A Python script that makes migrating from WordPress to Jekyll as painless as possible


A Python script that makes migrating from WordPress to Jekyll as painless as possible.

I wrote this script after going through the painful process of manually migrating my WordPress blog to Jekyll because no existing migration tools met my needs.


This CLI script takes a WordPress export XML file and:

  • Downloads all media content from the WordPress blog
  • Converts pages and posts from HTML to Markdown with html2text
  • Replaces media URLs in the Markdown content to the new relative URIs
  • Includes useful information in the Jekyll Front Data YAML

How is this different than the Jekyll Exporter Wordpress plugin?

wp2jekyll does a few things that Jeyll Eporter WordPress plugin by Ben Balter does not:

  • By default, wp2jekyll will retain the existing permalink of posts and pages, so incoming links don't break.
  • Rather than just dumping all WordPress post metadata to YAML in the Front Data, wp2jekyll only retains items useful for SEO (i.e, the featured image and Yoast metadata), and maps them to variable names that are expected by many Jekyll themes.

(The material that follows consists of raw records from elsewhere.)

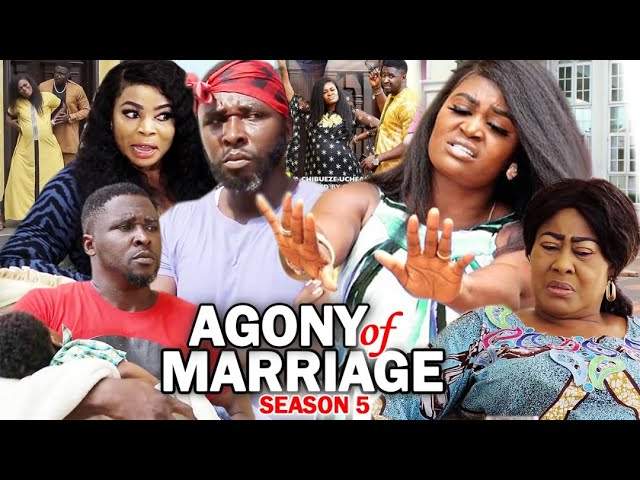 Nollywood Movie: Agony of Marriage (2020) (Part 5 & 6)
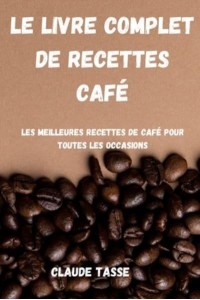 LE LIVRE COMPLET DE RECETTES CAFÉ: Les meilleures recettes de café pour toutes les occasions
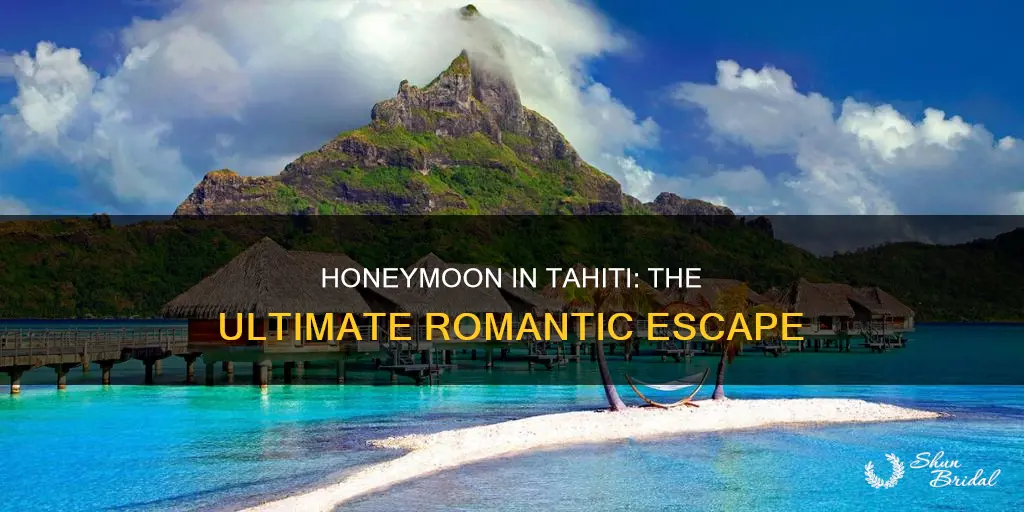 where to honeymoon in tahiti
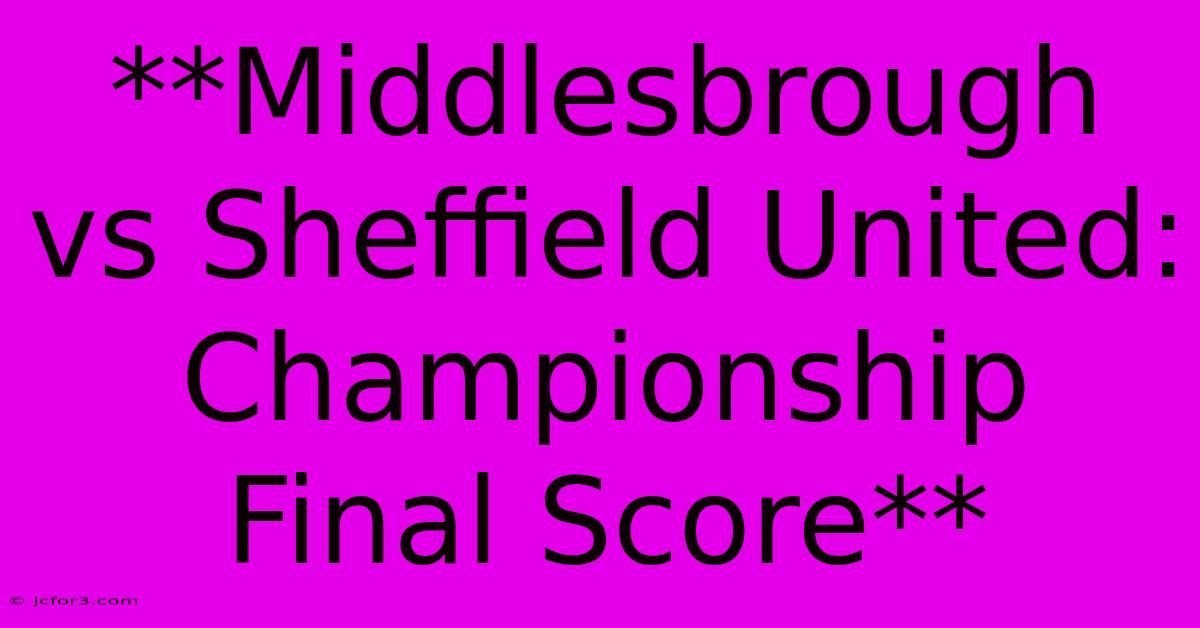 **Middlesbrough Vs Sheffield United: Championship Final Score**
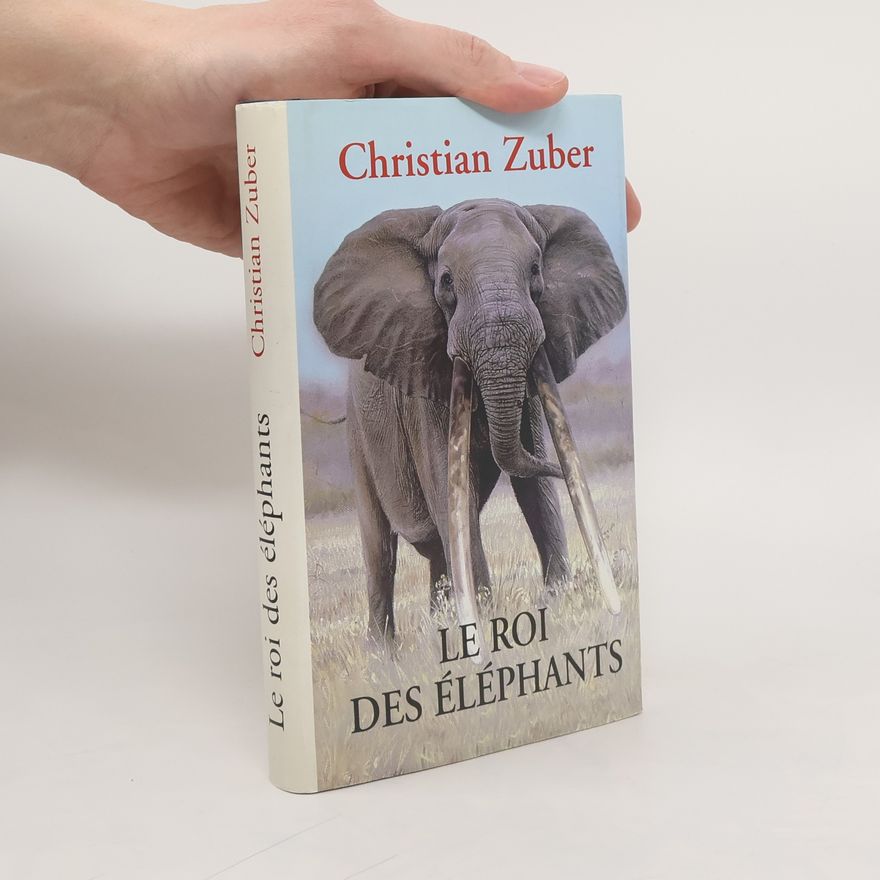 Christian Zuber Le roi des éléphants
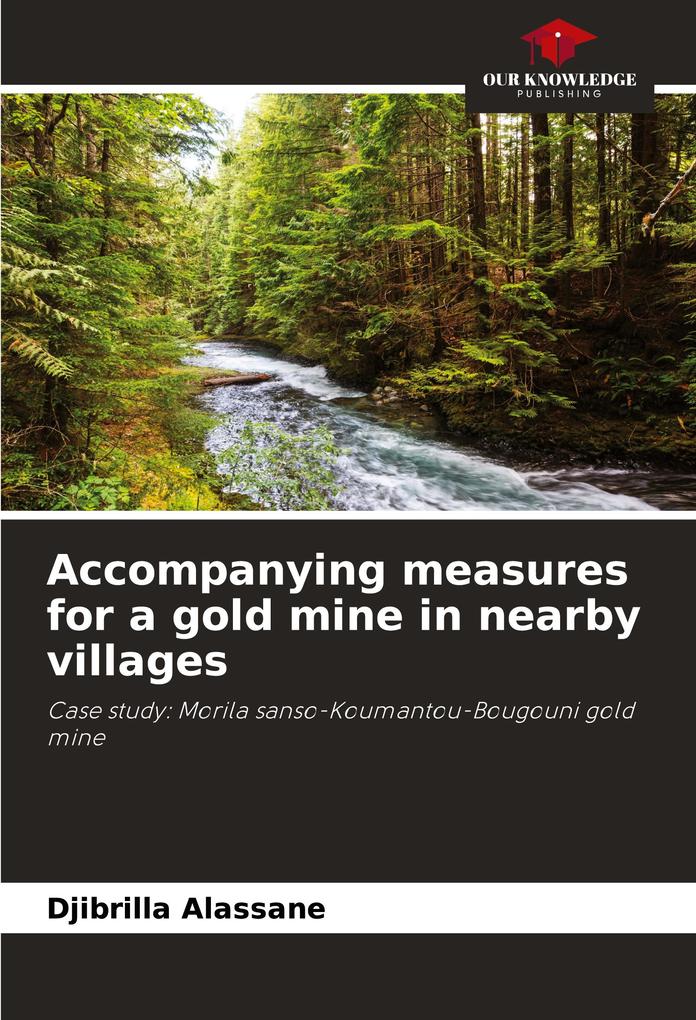 Accompanying measures for a gold mine in nearby villages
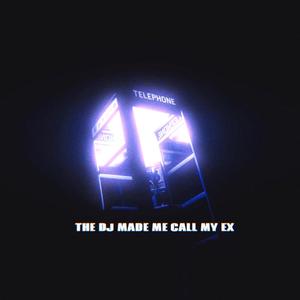 The DJ Made Me Call My Ex (feat. Aurora Olivas)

This makes the Front Data much cleaner and useful.
  • By default, wp2jekyll adjusts image/attachment URLs to be relative to the assets directory.
  • wp2jekyll keeps a copy of the original post HTML outside of the Jekyll build path so you can look at that in case the Markdown conversion botched some content.

Front Data

How the Front Data is used depends on the Jekyll theme in use. The Front Data generated by wp2jekyll is designed for use with the Chirpy theme, but many other themes use the same variable names, so it should work as-is for other themes too.

Variable Description
layout The layout to use (i.e., post, or page)
permalink Sets the URI of the post or page so it matches the WordPress one
title The post title
seo_title The SEO title from Yoast SEO - not currently used by any Jekyll theme
description The description from the WordPress or Yoast SEO description fields
date The GMT timestamp of the post or page in YYYY:MM:DD HH:MM SS -0000 format
last_modified_at The GMT modification timestamp of the post or page in YYYY:MM:DD HH:MM SS -0000 format
Path to the featured image and optional alt text
publish Sets if the post or page is published (True or False)
pin Sets if the post or page is pinned (True or False)
categories A list of categories
tags A list of tags


  • _data/authors.yaml - A mapping of WordPress login names to display names
  • _assets/wp-content/uploads - Files uploaded to WordPress
  • _posts/ - Posts converted to Markdown format
  • _pages/ - Pages converted to Markdown format
  • _wp_html/pages - WordPress content in the original HTML
  • _wp_html/posts - WordPress content in the original HTML


Python >= 3.2

Install the Python dependencies before using wp2jekyll.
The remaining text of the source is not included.